TASK ITEM:
In the listing, locate the line containing "Un instante del", then quote it and all following lines exactly. Omit pictures.

DATASET EXCERPT:

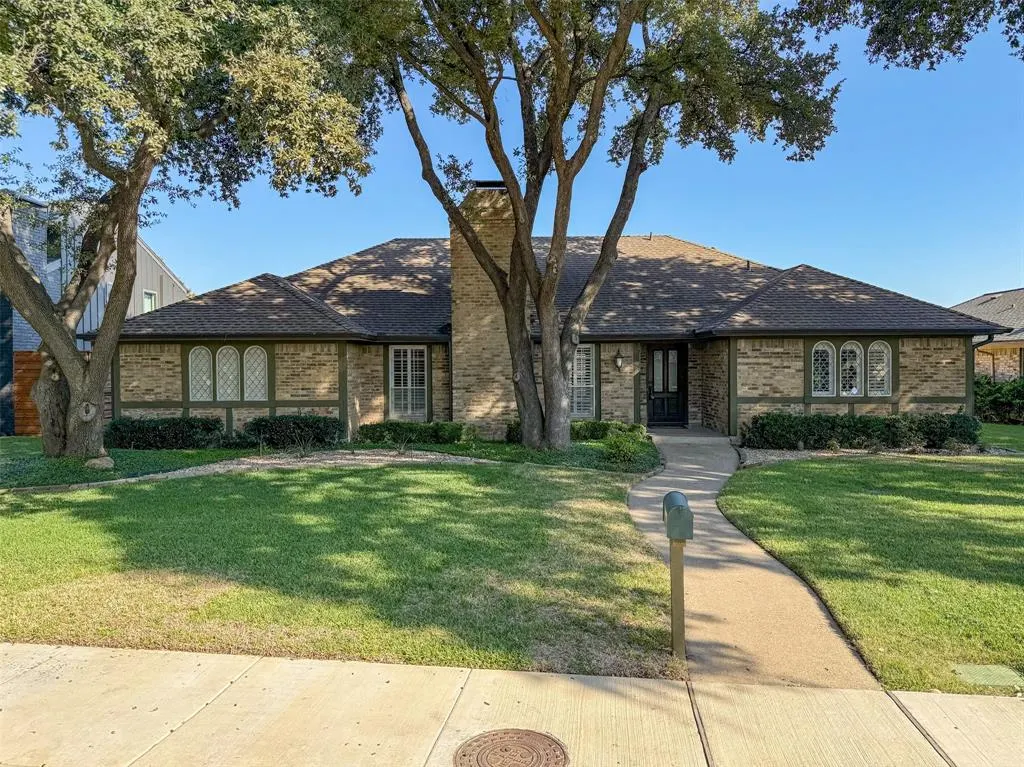 6817 Ledyard Drive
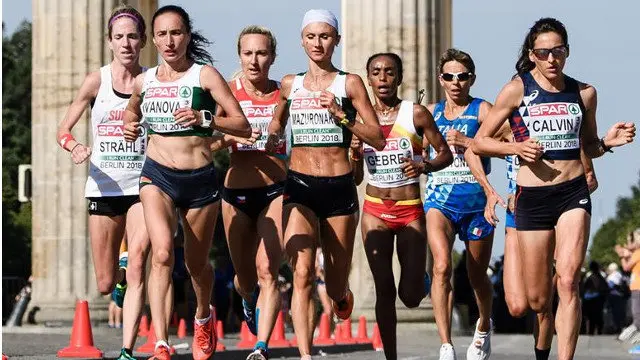 Un instante del maratón, con Trihas Gebrecon en el centro. CLEMENS BILAN (EFE)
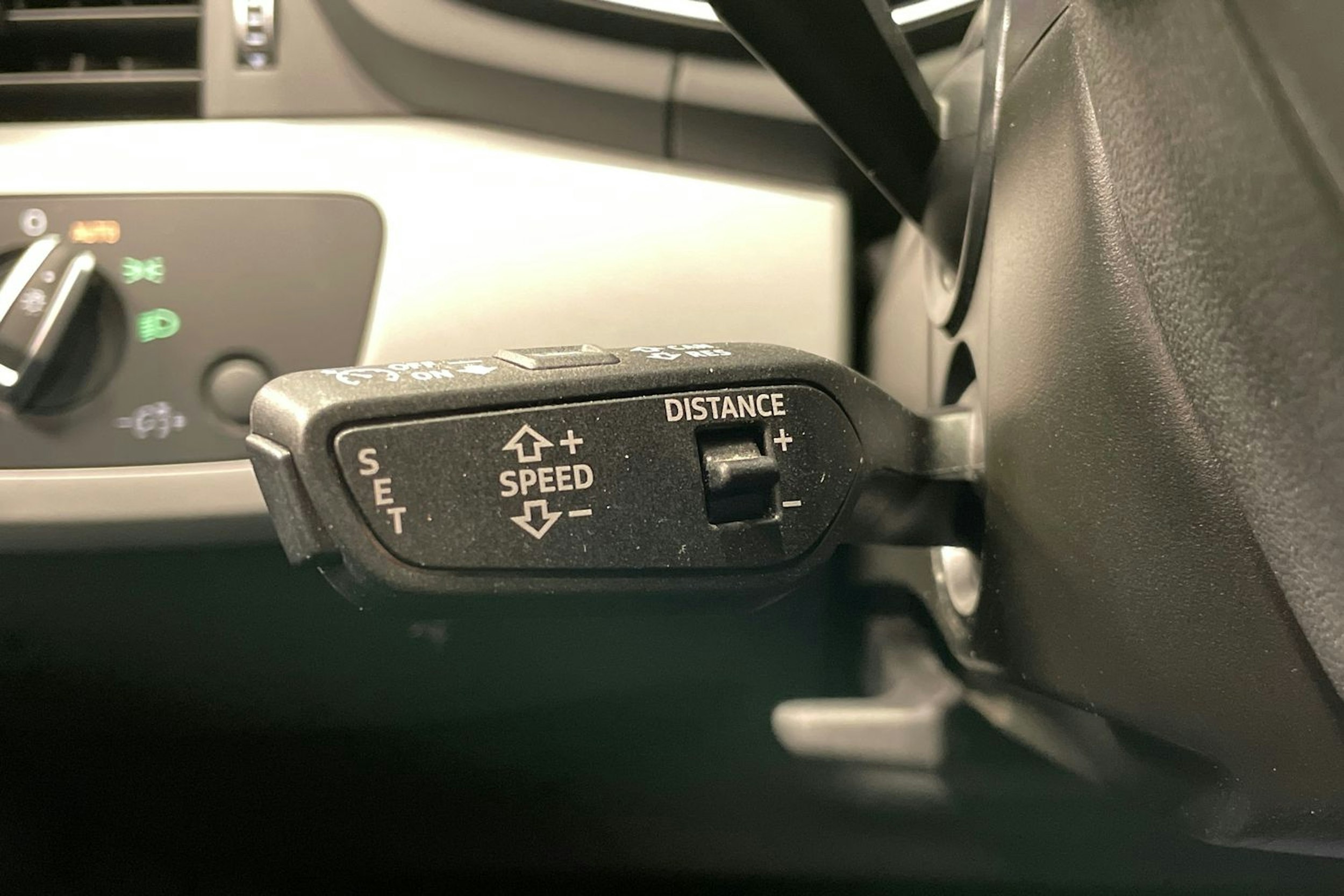 valkoinen Audi A4 allroad quattro 2022 kuva 21.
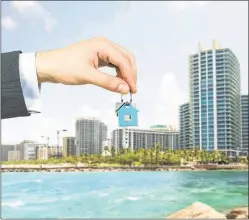  ??  ?? SALIDA. Las consultas para invertir en Miami aumentaron 25%. En Punta del Este, creció la cantidad de propiedade­s en venta.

EXERCISE ANSWER:
 Un instante del maratón, con Trihas Gebrecon en el centro. CLEMENS BILAN (EFE)
 valkoinen Audi A4 allroad quattro 2022 kuva 21.
  ??  ?? SALIDA. Las consultas para invertir en Miami aumentaron 25%. En Punta del Este, creció la cantidad de propiedade­s en venta.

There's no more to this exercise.